Action item:
Return the stretch from the line with "Cotton blouse, 'Butterfly" through the line with "Dual Use Hollow" in the data below, character for character, skipping all pictures.

Records for this exercise:

────

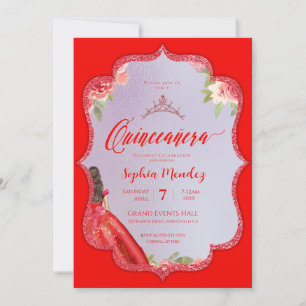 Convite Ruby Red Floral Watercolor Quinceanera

────

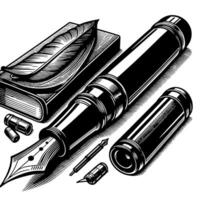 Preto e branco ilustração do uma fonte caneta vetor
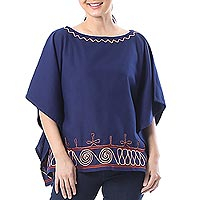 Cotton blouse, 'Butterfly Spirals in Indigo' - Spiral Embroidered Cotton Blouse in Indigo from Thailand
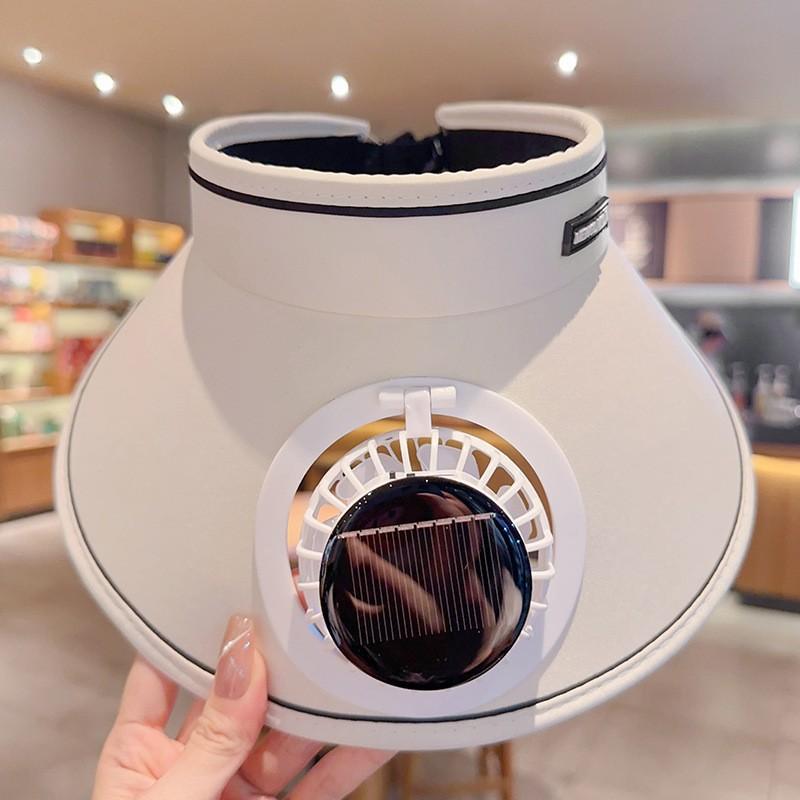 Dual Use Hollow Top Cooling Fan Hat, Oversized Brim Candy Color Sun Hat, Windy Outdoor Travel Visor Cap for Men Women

────

Solution to this task:
 Cotton blouse, 'Butterfly Spirals in Indigo' - Spiral Embroidered Cotton Blouse in Indigo from Thailand
 Dual Use Hollow Top Cooling Fan Hat, Oversized Brim Candy Color Sun Hat, Windy Outdoor Travel Visor Cap for Men Women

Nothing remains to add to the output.